Sie lächelte und sah ihn lange zärtlich an.

„Und wie er delikat ist. Er hat doch gesehen, wie ärmlich deine Wohnung ist, und nicht ein Wort hat er ...“

„Worüber?“

„Nun ... du mögest eine andere Wohnung nehmen, oder so etwas Ähnliches,“ fügte er errötend hinzu.
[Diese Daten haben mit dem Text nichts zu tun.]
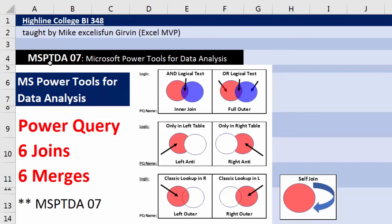Welcome to MSPTDA video number seven. In this video, we're still talking about Power Query.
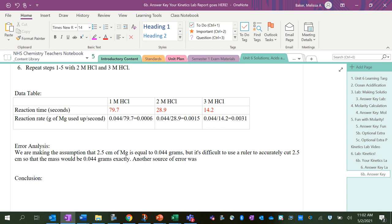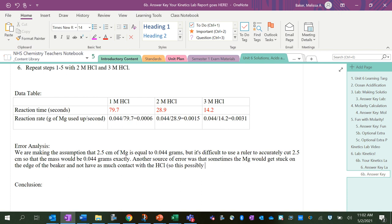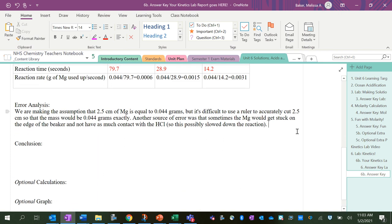Another source of error was that sometimes the magnesium would get stuck on the edge of the beaker and not have as much contact with the HCl, so this possibly slowed down the reaction. Like if we would have used a larger beaker, maybe that wouldn't have happened where it kind of got stuck on the edge.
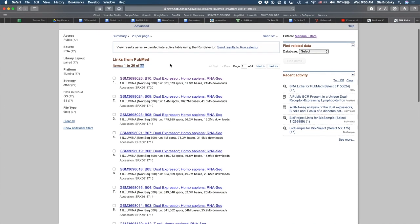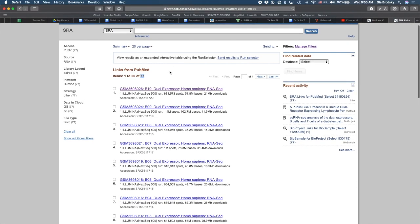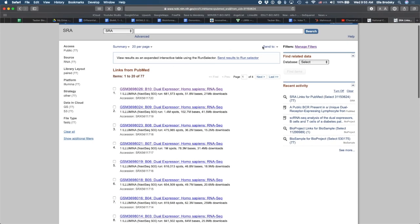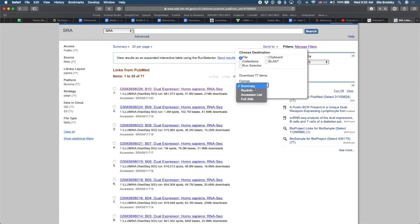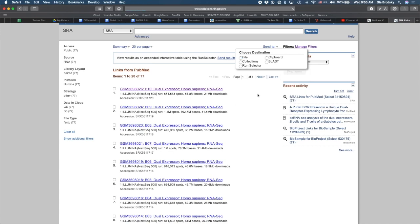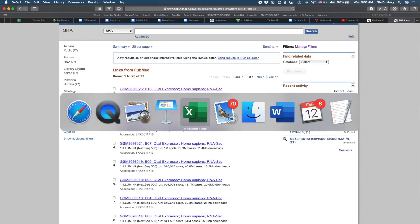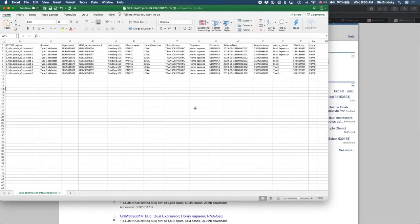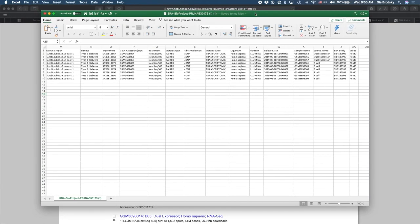And how do we find the actual data? What we can do is we can go right here to Send To, click on File, and here in Format, we can select Run Info and Create File. So it's going to download a file. You can see that the file downloaded. And I can look at this file. Now I'm not going to take all of the 77 files. What I would rather do is take a subset of those files. So here, I've selected nine files.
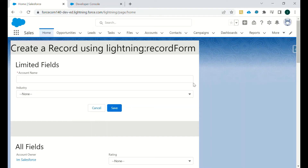In this video we will discuss one of the features provided by Lightning Data Service — specifically, how to create a record without making an Apex server call. You can use Lightning Data Service to create a particular record.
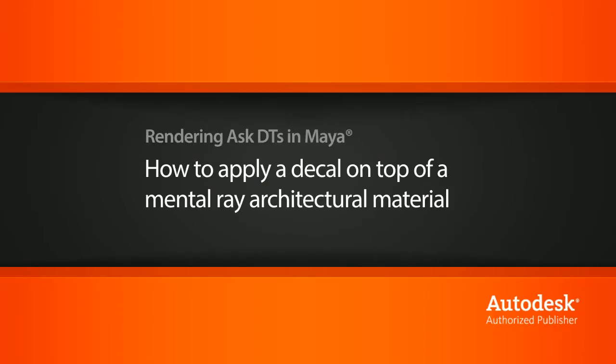Hi, my name is Dan and I'm one of the DT evangelists here at Digital Tutors. In this video we're going to look at a question from one of our users on how to get a logo on a mental ray architectural material that has the frosted glass preset.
„Aber, Aljoscha, aus welchem Grunde denn!“

„Ich sage ja eben, daß er so delikat ist. Und wie er dich lobte! Ich habe es dir ja gesagt ... gesagt! Nein, er fühlt und versteht alles! Und von mir sprach er wie von einem Kinde; alle halten mich dafür! Doch was tut’s, ich bin es ja auch.“

„Du bist ein Kind, und siehst zugleich schärfer als wir alle. Du, lieber, guter Aljoscha! Du!“

„Er aber sagte, daß mein gutes Herz mir schadet. Wie meint er das? Ich verstehe es nicht. Doch, was meinst du, Natascha, soll ich jetzt nicht gleich zu ihm fahren. Sowie es morgen hell wird, komme ich zu dir.“

„Geh nur, geh, mein Lieber. Du hast ganz recht. Und zeige dich ihm noch heute abend, hörst du? Und morgen komme so früh als möglich. Jetzt wirst du mich nicht mehr fünf Tage allein lassen?“ fügte sie schelmisch hinzu, ihn zärtlich ansehend.

Alle waren wir voll stiller, reiner Freude.
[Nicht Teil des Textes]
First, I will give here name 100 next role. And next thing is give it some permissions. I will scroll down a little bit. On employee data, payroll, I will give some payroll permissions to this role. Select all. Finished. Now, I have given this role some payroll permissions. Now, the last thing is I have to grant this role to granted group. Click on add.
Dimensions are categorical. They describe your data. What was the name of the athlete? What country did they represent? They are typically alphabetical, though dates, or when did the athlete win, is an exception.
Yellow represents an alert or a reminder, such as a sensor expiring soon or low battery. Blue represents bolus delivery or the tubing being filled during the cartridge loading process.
„Kommen Sie mit mir, Wanjä?“ fragte Aljoscha, das Zimmer verlassend.

„Nein, er bleibt; wir haben noch miteinander zu reden, Wanjä. Auf morgen früh also.“

„Ja, morgen früh. Na, adieu, Mawra!“ Mawra war in großer Aufregung. Sie hatte gehorcht und alles gehört, was der Fürst gesagt, doch vieles nicht verstanden. Gern wollte sie das nähere erfahren. Doch sah sie jetzt sehr stolz und ernst drein, sie hatte gleichfalls das Bewußtsein, daß sich nun alles ändern würde.
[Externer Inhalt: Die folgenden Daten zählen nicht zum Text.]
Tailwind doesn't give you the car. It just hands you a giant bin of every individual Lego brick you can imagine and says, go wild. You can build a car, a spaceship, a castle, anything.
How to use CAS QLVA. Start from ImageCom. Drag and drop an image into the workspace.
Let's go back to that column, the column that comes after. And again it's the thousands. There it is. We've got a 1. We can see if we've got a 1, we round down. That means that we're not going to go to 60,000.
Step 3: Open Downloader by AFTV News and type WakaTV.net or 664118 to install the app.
Wir blieben allein. Natascha nahm schweigend meine Hand und blieb stumm, als wüßte sie nicht, womit sie beginnen sollte.

„Ich fühle mich so müde!“ sagte sie endlich mit schwacher Stimme. „Höre, du gehst doch morgen zu ihnen?“

„Selbstverständlich.“

„Mama kannst du es erzählen, ihm aber nicht.“

„Von dir spreche ich ja auch sonst nie mit ihm.“

„Er wird es ja sowieso erfahren. Achte darauf, wie er es aufnehmen wird. Mein Gott, Wanjä! Wird er mich wirklich dieser Ehe wegen verfluchen? Nein, das kann nicht sein!“

„Das wird alles vom Fürsten abhängen,“ beeilte ich mich zu versichern. „Er muß sich mit ihm aussöhnen und dann wird alles anders werden.“

„O, großer Gott! Wenn es möglich wäre, wenn das nur möglich wäre!“ rief sie verzweifelt aus.

„Beunruhige dich nicht, Natascha, alles wird sich jetzt zum besten kehren.“

Sie sah mich forschend an.

„Wanjä, wie denkst du vom Fürsten?“

„Wenn er wirklich aufrichtig gesprochen hat, so ist er meiner Meinung nach ein edler Mensch!“

„Wenn er aufrichtig gesprochen hat? Was willst du damit sagen? Könnte er denn auch unaufrichtig gesprochen haben?“

„Mir scheint es auch so,“ antwortete ich ausweichend. „Also steigen auch in ihr Zweifel auf,“ dachte ich bei mir. „Sonderbar!“

„Du sahst ihn so eigentümlich an ... so beobachtend ...“

„Ja, er schien mir etwas – merkwürdig.“

„Und mir auch. Er spricht so seltsam. – Doch ich bin jetzt müde, mein Lieber. Weißt du? Gehe auch du nach Haus. Und morgen komme von ihnen so bald als möglich zu mir. Du, es lag doch nichts Beleidigendes darin, daß ich ihm sagte, ich wollte ihn schnell lieben lernen?“

„Nein ... wieso Beleidigendes?“

„Und ... auch nichts Dummes? Denn es hieß doch eigentlich, daß ich ihn jetzt noch nicht liebe.“

„Im Gegenteil, das war sehr schön von dir, so naiv und spontan. Du warst so wunderbar in diesem Augenblick! Dumm wäre nur _er_, wenn er es mit seinem Gesellschaftsempfinden nicht verstünde!“

„Du scheinst ihm nicht gut gesinnt zu sein, Wanjä? Wie schlecht, mißtrauisch und ehrgeizig ich dagegen bin! Lache nicht über mich, du weißt, ich verberge nichts vor dir. Ach, Wanjä, du mein lieber Freund! Wenn ich nun jetzt wieder unglücklich werde, wenn das Leid wieder zu mir kommt, dann wirst du der Einzige sein, der bei mir bleibt! Wodurch habe ich das alles verdient! Verwünsche du mich nie, Wanjä! ...“

Als ich nach Hause zurückgekehrt war, legte ich mich sofort zu Bett. Im Zimmer bei mir war es feucht und dunkel wie in einem Keller. Sonderbare Gedanken und Empfindungen wogten in mir auf und ab, lange konnte ich nicht einschlafen.

Doch, wie muß an diesem Abend jener Mensch gelacht haben, der in seiner luxuriösen Wohnung in weichem Bette ruhig einschlief – wenn er uns überhaupt eines Lächelns würdigte! Wahrscheinlich tat er aber wohl das nicht einmal!